Most striking was the event's invoking of old and new symbols. The first hymn sung prior to Mr. Clinton's oath was "City on a Hill" - the classic Puritan symbol of America as a shining example, a colony with a mission.

The final event was a reading by Maya Angelou, the black poet born 25 miles from Clinton's birthplace, of a poem calling for Americans to wake up to the magnitude and diversity of creation, of the natural world, and of the many peoples in our midst: "the African, the native American, the Sioux/ The Catholic, the Muslim, the French, the Greek."

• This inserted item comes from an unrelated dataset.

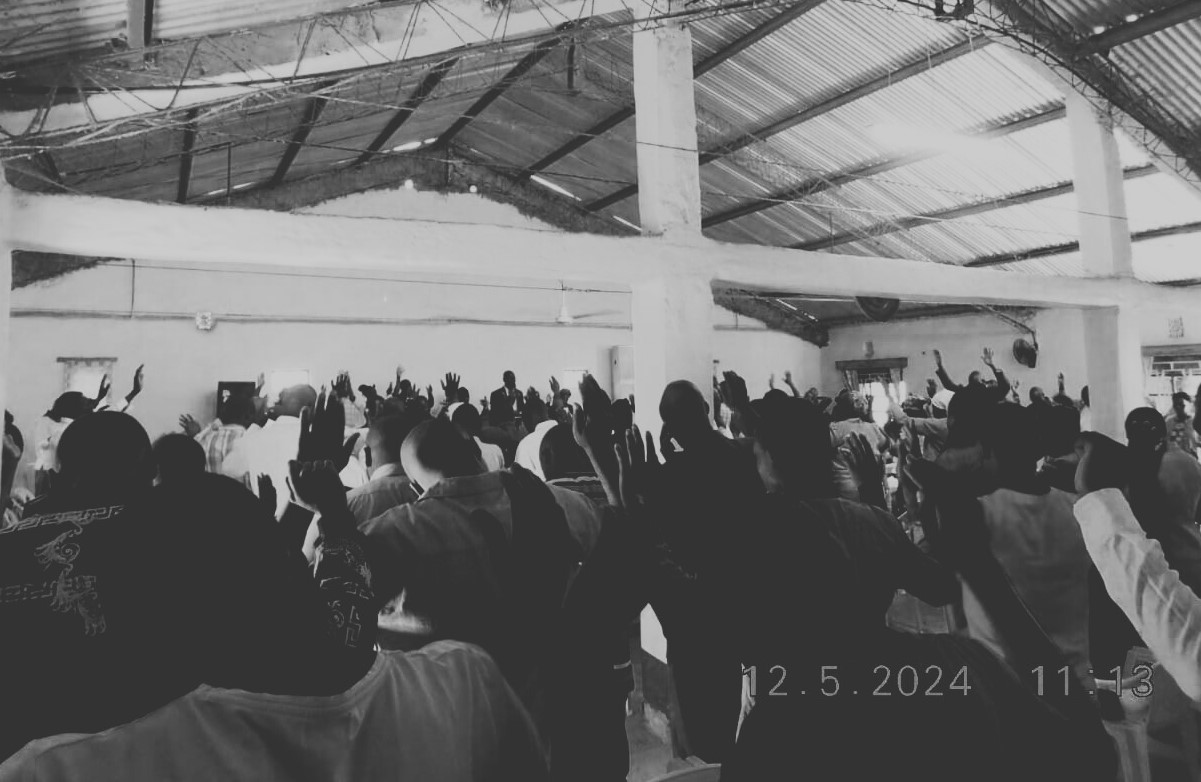 Church worship service with raised hands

In a haunting refrain - "the Rock cries out" - Ms. Angelou spoke of a collective yearning by Americans for a state of grace "Before cynicism was a bloody smear across your Brow."

In between, Clinton's speech itself (reprinted on Page 19) was an attempt to invoke, in common language, what scholars call civil religion: that is, a recognition that while the business of America cannot be described in denominational terms, that business still must contain a dimension of transcendence and hope beyond the merely political and secular. The life of the state must exist in some relation to the sacred.

In a speech of nearly 1,600 words, Clinton referred some 70 times to civil religion, starting with the very first line: "We celebrate the mystery of American renewal." Rebirth, the debt owed to our forebears, the demands of conscience, Biblical echoes - all were present. While not a great Lincolnesque moral formulation, neither was this a speech by an economic policy wonk. It was an appeal to the spirit: "There is nothing wrong with America that cannot be cured by what is right with America." Nor was thi s mere optimism. Clinton spoke of dangers, facing "hard truths" that haven't been faced, and sacrifice.

The central message was Clinton's new formulation: that Americans can't have the opportunities liberals have fought for without accepting the responsibilities that conservatives seek.

Now gridlock and a deep well of cynicism about whether government can address the large-scale problems of America and the world must be faced. The task is to keep the grace, which many found evident in this inaugural, under the pressures at hand.